BULRUSH, a name now generally given to _Typha latifolia_, the reed-mace or
club-rush, a plant growing in lakes, by edges of rivers and similar
localities, with a creeping underground stem, narrow, nearly flat leaves, 3
to 6 ft. long, arranged in opposite rows, and a tall stem ending in a
cylindrical spike, half to one foot long, of closely packed male (above)
and female (below) flowers. The familiar brown spike is a dense mass of
minute one-seeded fruits, each on a long hair-like stalk and covered with
long downy hairs, which render the fruits very light and readily carried by
the wind. The name bulrush is more correctly applied to _Scirpus
lacustris_, a member of a different family (Cyperaceae), a common plant in
wet places, with tall spongy, usually leafless stems, bearing a tuft of
many-flowered spikelets. The stems are used for matting, &c. The bulrush of
Scripture, associated with the hiding of Moses, was the _Papyrus_ (_q.v._),
also a member of the order Cyperaceae, which was abundant in the Nile.
BULSTRODE, SIR RICHARD (1610-1711), English author and soldier, was a son
of Edward Bulstrode (1588-1659), and was educated at Pembroke College,
Cambridge; after studying law in London he joined the army of Charles I. on
the outbreak of the Civil War in 1642. In 1673 he became a resident agent
of Charles II. at Brussels; in 1675 he was knighted; then following James
II. into exile he died at St Germain on the 3rd of October 1711. Bulstrode
is chiefly known by his _Memoirs and Reflections upon the Reign and
Government of King Charles I. and King Charles II._, published after his
death in 1721. He also [v.04 p.0796] wrote _Life of James II._, and
_Original Letters written to the Earl of Arlington_ (1712). The latter
consists principally of letters written from Brussels giving an account of
the important events which took place in the Netherlands during 1674.
His second son, WHITELOCKE BULSTRODE (1650-1724), remained in England after
the flight of James II.; he held some official positions, and in 1717 wrote
a pamphlet in support of George I. and the Hanoverian succession.

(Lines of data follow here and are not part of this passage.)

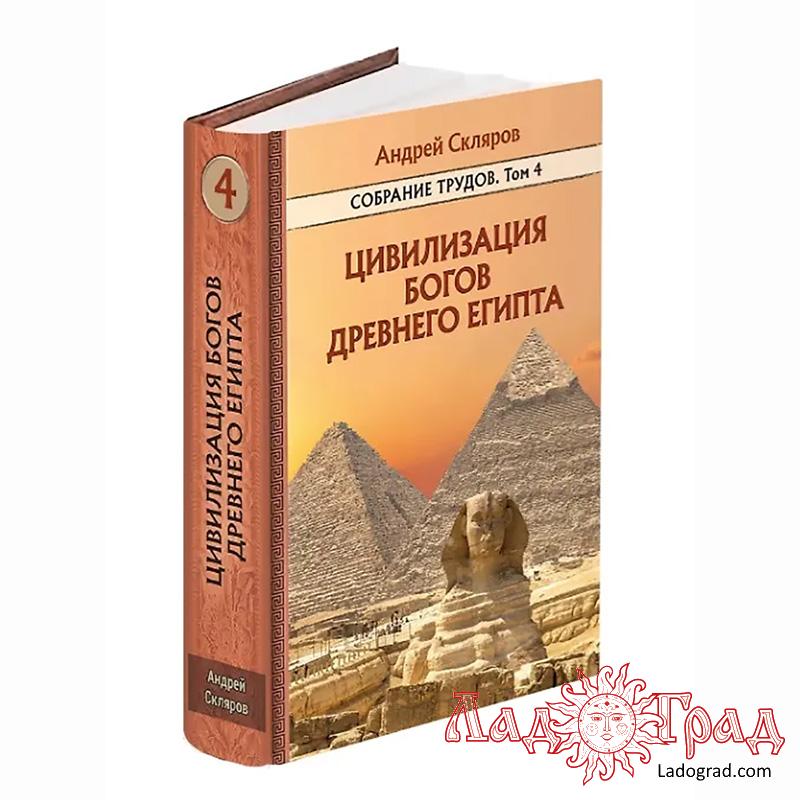 Цивилизация богов древнего Египта (Собр.трудов. Том 4) / Скляров Андрей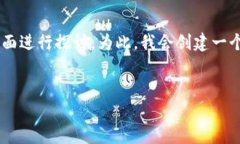 关于“tpWallet只能注册一次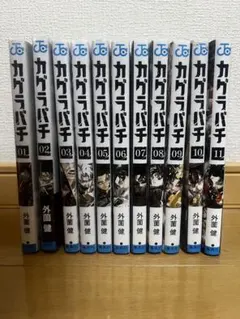 カグラバチ11巻 魔男のイチ8巻 セット - メルカリ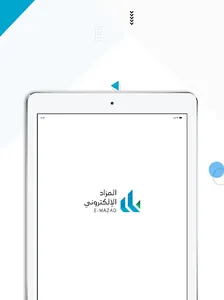 المزاد الإلكتروني screenshot 6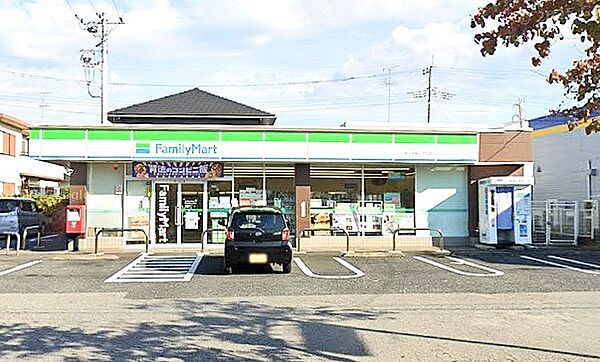 ファミリーマート 牛久中央二丁目店（230m）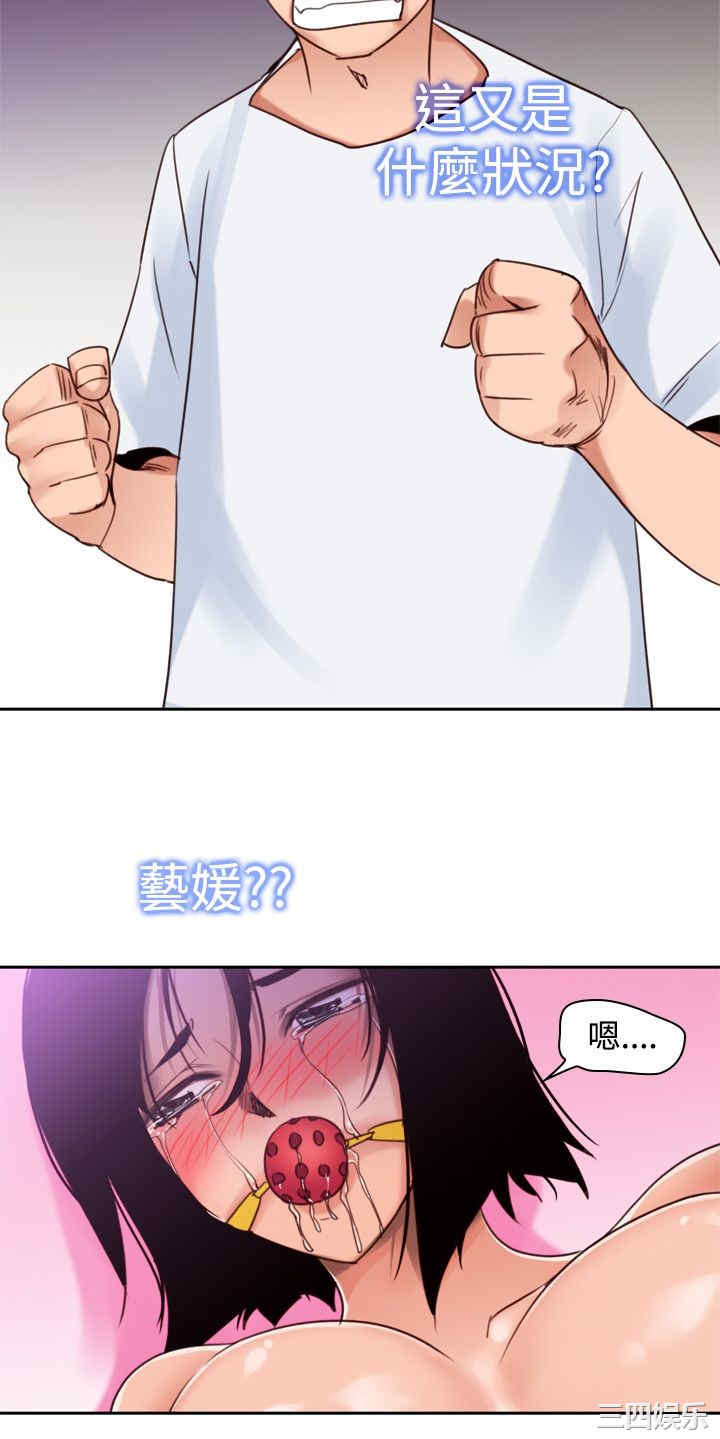 韩国漫画他的那里韩漫_他的那里-第10话在线免费阅读-韩国漫画-第24张图片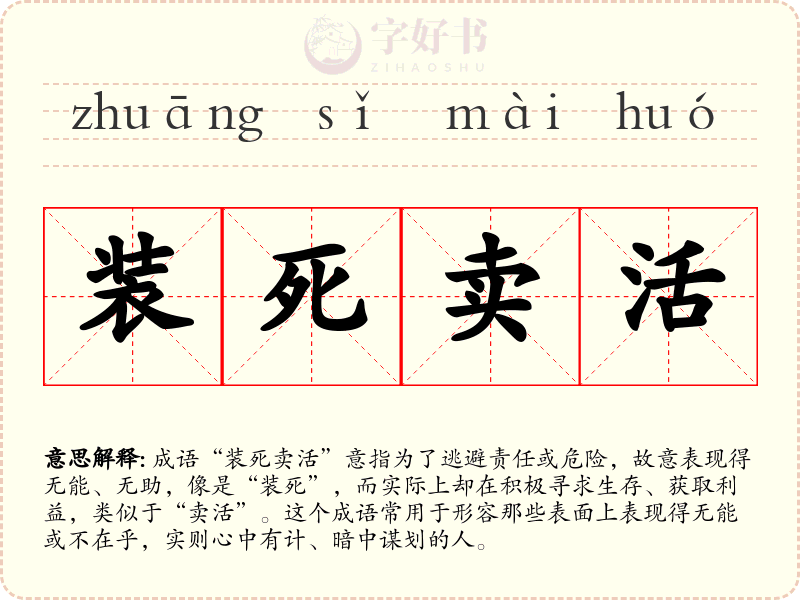装死卖活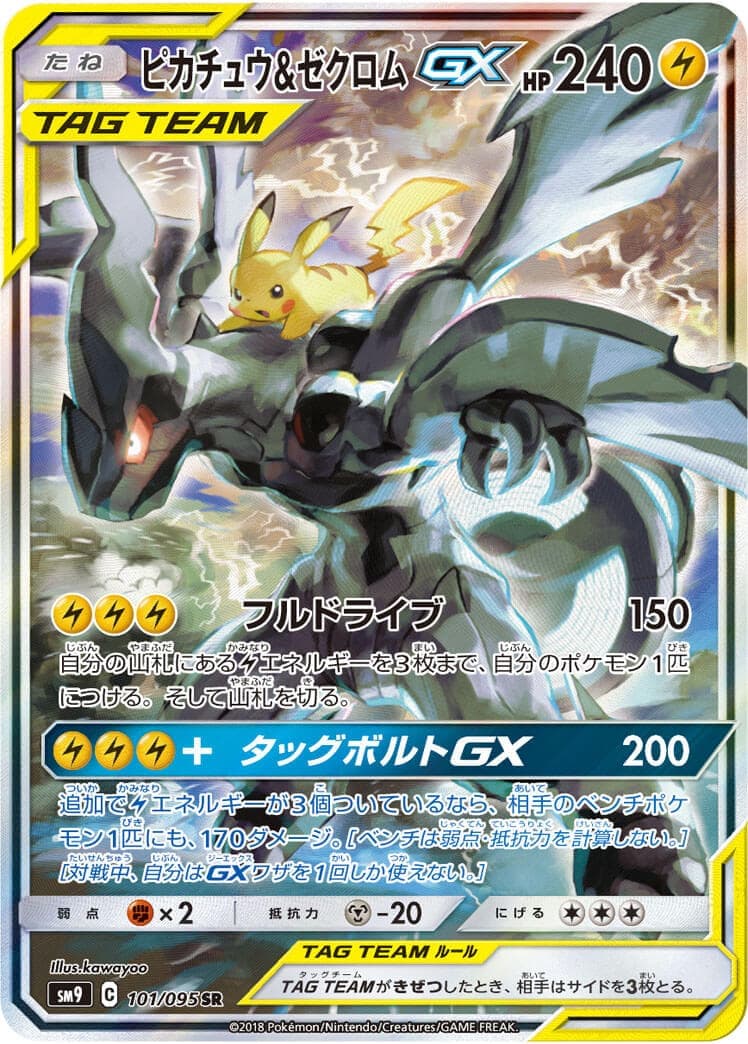 【SALE】ピカチュウ＆ゼクロムGX(101/095)[SA]【sm9】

He
published _A Discourse of Natural Philosophy_, and was a prominent
Protestant controversialist. He died in London on the 27th of November
1724.
BULWARK (a word probably of Scandinavian origin, from _bol_ or _bole_, a
tree-trunk, and _werk_, work, in Ger. _Bollwerk_, which has also been
derived from an old German _bolen_, to throw, and so a machine for throwing
missiles), a barricade of beams, earth, &c., a work in 15th and 16th
century fortifications designed to mount artillery (see BOULEVARD). On
board ship the term is used of the woodwork running round the ship above
the level of the deck. Figuratively it means anything serving as a defence.
BUMBOAT, a small boat which carries vegetables, provisions, &c., to ships
lying in port or off the shore. The word is probably connected with the
Dutch _bumboat_ or _boomboot_, a broad Dutch fishing-boat, the derivation
of which is either from _boom_, cf. Ger. _baum_, a tree, or from _bon_, a
place in which fish is kept alive, and _boot_, a boat. It appears first in
English in the Trinity House By-laws of 1685 regulating the scavenging
boats attending ships lying in the Thames.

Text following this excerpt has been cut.